I stare, wide eyed in amazement
I'm Wes, whats your name young fella?
By far, the easiest way to describe Wes is a little of something from every decade between 1940-1977, including coke, still soaking into his nostrils.
Jordan
Without skipping a beat and simultaneously reaching to shake my hand, he replied, in a slightly softer tone
Jordan, I'm 77 years old, I've spent 42 of it working in the film industry, I've lived a great life with a lot of women and done a lot of drugs Jordan. Have you ever been to Bangkok?
Stumbling for an answer, I can't believe this guy really exists, finally I'm able to get out the word, no
Oh, Jordan, you have to go! All the major hotels advertise these "opium pipe baths" absolutely tremendous! You go in a hot tub, smoke the best opium you have ever had!
Wes just assumed I have smoked opium before, that made me smile. He became increasingly animated, the farther into his story we got. Continuing, he bellowed,
gorgeous Tai girls rub you down, for hours, and feed you fruit! The girls can't compare to Spain but the opium is the best in the world
As he threw up his hands, to emphasize the joy that the memory alone brought him, I noticed he was missing his 2 smallest fingers on the left hand, my eyebrows turned up and a smile creped in, I don't think he noticed at all. Few minutes his rambles subsided, Matt and myself fell silent, unable to start a conversation that could top, or even compare to a 77 year old man's stories, beefed up by stimulants, like roids for the ego.
Debating on leaving I went outside, with Matt, to have a cig, 2 drags in and a 1982 toyota pickup, red, kinda, pulls in. It was full of crap, literally: mufflers, air cleaners, pizza boxes, soda cans, ect. It looked more like a souped up, motorized shopping cart on its way to the recycle yard with treasure found after a productive day dumpster divin. A man, well dressed, better that you would expect: tie, coat and slacks, cleaned recently, not lookin like they have any business in that truck, slightly chubby, probably late 20's, gets out of the car and adjusts his bowtie. Turning back into the car he pulls out a stack of about 12 framed 16x20 pictures and walks toward the door. The parking lot was full, with 6 cars and a scooter arranged in a V and he just stopped in the middle of the parking V, grabbed these pictures and strolled on over with a smile, either not aware, or didn't care, no one else could leave the parking lot.

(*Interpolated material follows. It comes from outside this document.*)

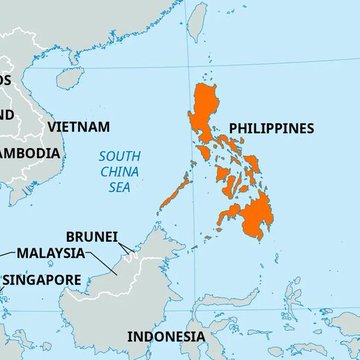 The image is a map of Southeast Asia highlighting the Philippines in orange, labeling surrounding countries (Vietnam, Cambodia, Brunei, Malaysia, Singapore, Indonesia) and the South China Sea, visually pinpointing the nation where new crypto license approvals have been frozen for 12 months.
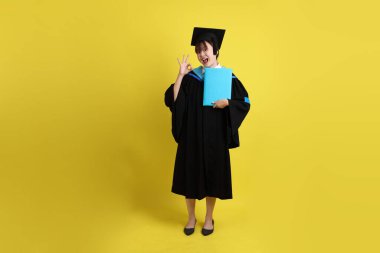 Mavi mezuniyet elbiseleri ve kepleri içinde, elinde diplomaları olan, baş parmak kaldıran ya da sarı arka planda izole edilmiş bir üniversite öğrencisi. Gen Z, yeni mezun, eğitim, ilk iş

Hey, you interested in buyin some pictures?
He starts to thumb through them, as if they are two inch thick pages from the biggest book you have ever seen, supporting it with one knee as he hoped up and down. I stopped trying to come up with responses to these events, they were too many coming at me too fast, awestruck my normal smart ass responses lay and wait long after comedic timing has passed.
There not all of bears you know
At this point I knew, even if I wasn't blocked in, I had no business leaving. A smile turned turned to a chuckle, I couldn't help it. Matt stepped in,
Nah were good, both poor, no work you know
Un-phased he regained composure and walked inside.
We followed him in a minute later, he was engaged in conversation with the bartender, doing her best to seem interested. Wes must have thought of everything he forgot to say, or just got back from the mens room because I had a novel read to me in about 20 minutes. I couldn't process it all especially because during the conversation, I was trying to listen in on the suit and truck guy talk to the bartender. I couldnt grab much, it had something to do with aliens though. Wes told me all about interesting topics such as Barbados not having insects, Red Fox sharing cocaine and hookers in hotel rooms, he threw in the occasional corny, old joke and finished up with which actresses and singers put notches in his belt. Poor, old man, made me as happy as he was trying to make himself, I took his gift and ran with it til 8 AM.
I could write more, it was an amazing night for sure, but I've already spent too much time on this entry, gotta find work!!!!!!!!!!!!!!!!